Following a long tradition of activism, women’s rights campaigners have sought to instigate change. Progress has not always been linear, while movements have been diverse and impacted by various phases of history. Furthermore, even where improvement has been realised, women have always been vulnerable to re-marginalisation. Overall, there have been great strides in women’s rights, with ongoing efforts to combat abuse in collaboration with elements outside secular and regional actors.

Regional women’s rights activism throughout history

Women's Movements
Picture taken 27 August 1943 shows prominent Egyptian feminist Safiya Zaghloul, wife of the nationalist leader Saad Zaghloul who led the 1919 revolution against British colonialism. Zaghloul, who died in 1946, is referred to as “the mother of the Egyptians”.

Most analysis of women’s rights movements in the Middle East and North Africa (MENA) tends to start from the beginning of the 20th century, with clear turning points, such as in Egypt with the 1919 revolution – hundreds of Egyptian women joined protests against the British occupation, which led to the British losing most of its control over the North African country –  and the establishment of various unions like the Egyptian Feminist Union (EFU) in 1923. However, some thinkers place great weight on earlier efforts, such as those of Turkish women during the Ottoman Empire period in the face of its modernisation agenda.

Jewish women fought for the right to vote in Jewish settlements in Palestine in the 1920s, predating the establishment of the state of Israel. From there, women continued their battle for gender equality in other fields. 

However, there is consensus that feminism and the emergence of nationalist movements to fight colonialism are intertwined, and in many instances, particularly in North Africa, independence is aligned with educational, social, and political outcomes for women.
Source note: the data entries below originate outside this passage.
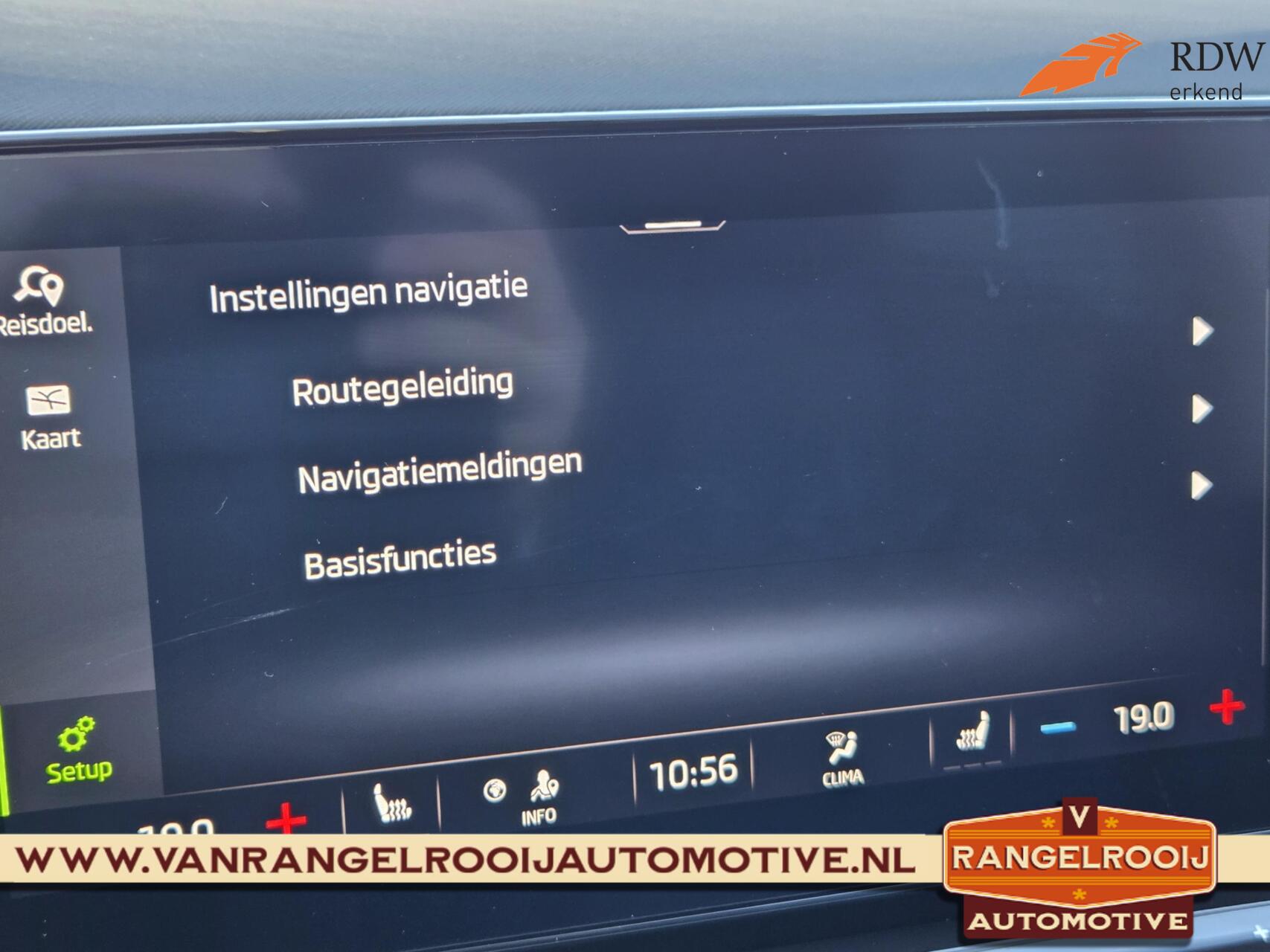 Foto van Skoda Octavia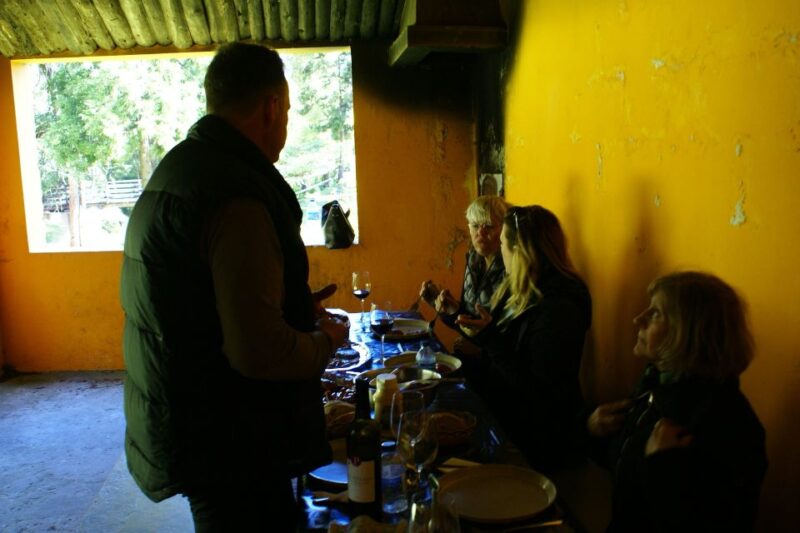 Terceira Island: Full-Day Mud Adventure & Traditional Lunch - Inclusions and Logistics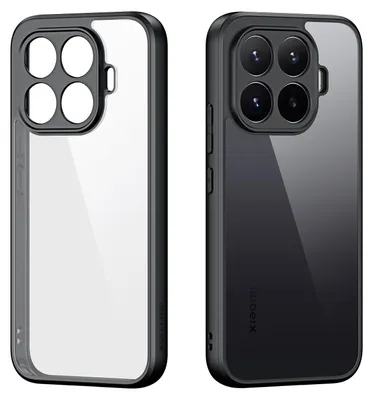 Imagen del producto de Funda Trasera Aimo para Xiaomi 17T - Transparente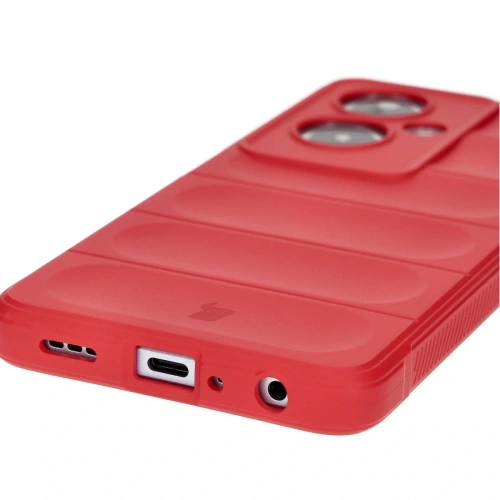 Kup Pancerne etui Bizon Case Tur do Oppo A79 5G czerwone - BIZ4761 - {ean13} - Sklep Home Screen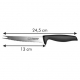 Nóż do warzyw - PRECIOSO - 13 cm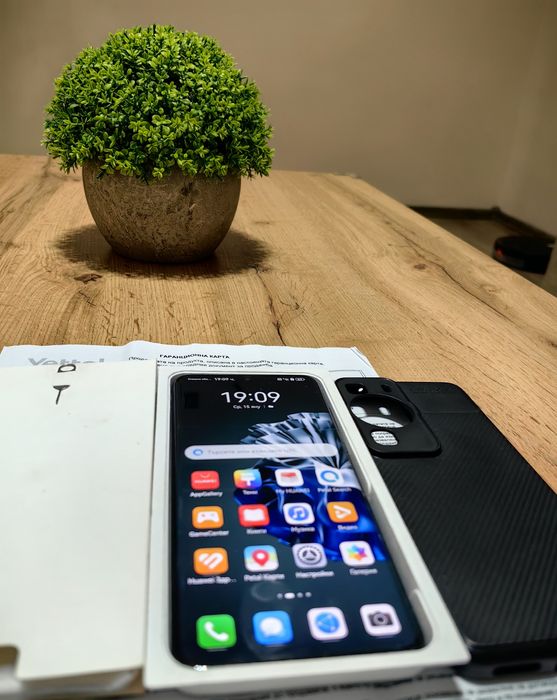 Huawei p60 pro Перфектен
Although these were often subsumed within wider initiatives for social justice.

The Middle East and North Africa as a region would inevitably be set back, from a series of political events, including the Iranian revolution in 1979. In Iran itself, after a period of success in family law reform, the revolution saw the re-marginalisation of women. 

The collapse of the Soviet Union in 1991 and the emergence of the US as the sole superpower were also significant, leading to the rise of ‘political Islam,’ and the resulting dynamics categorised women’s voices as ‘secular’ or ‘Islamic’. 

The Arab Spring further complicated this dynamic, as women proved to be both agents for change as well as victims. Connected to this is the development of technology and social media, which has helped activists communicate their issues and connect with others while raising international awareness of their various concerns. 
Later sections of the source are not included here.